I have more people than I ever expected tell me that for years they can't read my writing because it makes them tear up, cry, or down right sob. 

I wonder what it is in us that doesn't allow us to be human - to be honest.  Is it embarrassing, frightening, risky, or does it wake us up and take us to a place where we have to confront our vulnerability and humaness?

My writing is intimate, honest, and I hope brave.  Not writing from that intense and honest place inside is not writing the truth.  For me it is difficult, no it is impossible, to put words on paper when I am not being honest.  Writing or telling the truth takes me to a deeper place, whether in life, relationships, or revalations.

Sometimes it is excruciating and then sometimes refreshing.  But it is always honest. So today ask yourself if  perhaps this is a place some of you shy away from.

This morning I wrote from bed, watching the rain falling like a soft blanket of peace on the bay at South Padre Island.  The world here is in shades of gray.  I listen to Josh Groban sing, "like the sound of silence calling," and I feel an underlying sense of sadness and yet an overwhelming sense of peace.  The world is still for me this morning.  I am used to the friendship of loneliness.

So as I actually write with pen and paper, I find I am sad for a friend who told me this week that he was fundamentally 'not happy' and another tell me he 'was just trying to stay alive.'  It was interesting that in their honesty to tell me the truth, they found the precise language to say it. As in my writing, I must find the precise words that are not polished or false to convey a message, a thought, or pain.  Again I ask why do we live in places where our souls aren't ?
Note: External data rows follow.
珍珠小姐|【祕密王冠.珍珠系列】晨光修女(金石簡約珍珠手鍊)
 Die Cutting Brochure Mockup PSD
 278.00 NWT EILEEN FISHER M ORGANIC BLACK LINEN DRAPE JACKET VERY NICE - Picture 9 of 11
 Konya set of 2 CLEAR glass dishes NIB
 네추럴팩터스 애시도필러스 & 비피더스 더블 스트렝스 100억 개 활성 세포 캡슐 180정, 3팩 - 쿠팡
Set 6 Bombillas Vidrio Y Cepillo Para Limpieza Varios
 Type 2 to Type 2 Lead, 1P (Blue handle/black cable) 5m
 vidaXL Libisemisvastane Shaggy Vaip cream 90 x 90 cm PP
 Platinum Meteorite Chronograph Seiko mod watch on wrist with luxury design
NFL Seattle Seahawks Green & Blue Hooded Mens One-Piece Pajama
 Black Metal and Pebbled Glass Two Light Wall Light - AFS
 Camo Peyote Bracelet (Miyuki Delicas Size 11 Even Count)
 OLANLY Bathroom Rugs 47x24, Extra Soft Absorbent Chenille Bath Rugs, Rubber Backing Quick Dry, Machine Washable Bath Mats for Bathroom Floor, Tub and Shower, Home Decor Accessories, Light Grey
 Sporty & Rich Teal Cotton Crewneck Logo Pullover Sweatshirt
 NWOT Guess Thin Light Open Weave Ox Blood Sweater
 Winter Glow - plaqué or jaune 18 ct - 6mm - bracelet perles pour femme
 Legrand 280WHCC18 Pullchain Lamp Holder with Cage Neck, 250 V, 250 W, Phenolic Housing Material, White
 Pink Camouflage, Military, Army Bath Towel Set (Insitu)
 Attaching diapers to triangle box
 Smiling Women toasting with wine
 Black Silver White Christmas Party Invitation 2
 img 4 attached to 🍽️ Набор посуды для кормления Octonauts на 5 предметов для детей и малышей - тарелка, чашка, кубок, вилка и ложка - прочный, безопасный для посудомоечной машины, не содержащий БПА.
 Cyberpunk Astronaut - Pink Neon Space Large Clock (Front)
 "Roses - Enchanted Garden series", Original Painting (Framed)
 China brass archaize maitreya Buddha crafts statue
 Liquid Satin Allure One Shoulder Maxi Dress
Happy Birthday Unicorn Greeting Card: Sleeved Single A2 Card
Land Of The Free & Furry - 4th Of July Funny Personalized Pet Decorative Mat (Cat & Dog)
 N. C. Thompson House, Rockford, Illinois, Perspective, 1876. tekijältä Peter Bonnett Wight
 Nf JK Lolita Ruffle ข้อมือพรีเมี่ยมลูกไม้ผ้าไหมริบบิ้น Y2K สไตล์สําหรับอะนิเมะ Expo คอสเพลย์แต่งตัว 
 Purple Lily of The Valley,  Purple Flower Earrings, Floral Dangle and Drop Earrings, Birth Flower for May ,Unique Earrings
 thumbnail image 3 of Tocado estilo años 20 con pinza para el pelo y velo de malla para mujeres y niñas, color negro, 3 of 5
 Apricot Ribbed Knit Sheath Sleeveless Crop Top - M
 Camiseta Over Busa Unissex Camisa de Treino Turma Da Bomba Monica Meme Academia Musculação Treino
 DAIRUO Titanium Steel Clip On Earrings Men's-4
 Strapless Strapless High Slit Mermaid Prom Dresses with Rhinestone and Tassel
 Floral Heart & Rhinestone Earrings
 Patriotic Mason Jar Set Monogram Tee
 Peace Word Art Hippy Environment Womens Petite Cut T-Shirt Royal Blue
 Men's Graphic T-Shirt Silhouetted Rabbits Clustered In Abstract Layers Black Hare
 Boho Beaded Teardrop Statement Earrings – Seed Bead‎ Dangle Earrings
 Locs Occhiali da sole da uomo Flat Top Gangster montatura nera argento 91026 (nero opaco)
To tell the truth is exhausting, but detrimental to do it any other way. My writing must leave no doubt as to what I am telling you, or not telling myself.  So I write about what I darn well want to.  There is enough bitterness and falsehood in writing and in life. So yes perhaps there is an energy to my writing, an emotional ability to touch people in a place inside of them where they find tears that need to be released.  And that is good, and that is real ,and that is honest, and should be held close to the heart.

I have an extraordinary one hundred year old eight foot table whose top was once a floorboard from a  farm house in Poland.  This table holds stories and beauty and clarity and truth.  Not polished, not hiding deformities, it is honest in its realness.  I love and am humbled by this table, as it does not hide the past, the mistakes, the love, the footprints of life as it reveals itself.

So yes, revealing myself might make others uncomfortable or sad, because they might be caught up in choosing to hide from the reality of their own lives.  Author Julia Cameron, writes in The Right to Write, "They might just not want to know what they know. So they stear clear of the page and the clarity that it affords them."  She continues, "The truth  is not always pleasant, but the results of truth are a solid sense of self, a safe sense of possibility and a companion to walk us from the life that we've got now into the life we would like better."

So today in the fog on the island, I write to plunge deeper into who I am, to be brave, caring, and vulnerable.
Today and most days, I write about something that touches me, and I write these things to share and touch someone else.

And today I invite you to open your eyes to life, with all of its pain, deformities, and confusion.  For this is facing the truth. Cowering in a corner hiding  fills your life with empty pleasures, as you get lost in extremes of fear, indulgences, distractions, or avoidances, that keep you out of balance.  Don't let your life become a record of all the things you wish you had done, might have done, or should have done.

Letting go of what we had once hoped for, what we had thought our lives would or should be, allows us to be fully present right where we are right now.  Perhaps it is in this letting go of what we think defines us that we come face to  face with the fear of being empty, alone, or deprived.  But we also just might find life. Jack Kornfield in Soul Food, says "Letting go of our fear and habits allow a more spacious wisdom to emerge." 

Maybe, just maybe it is all the stuff, all the crap, that we go through and endure that keeps us moving forward.  Maybe letting go of our fear is exactly what we need. Perhaps that is where we find the truth and life.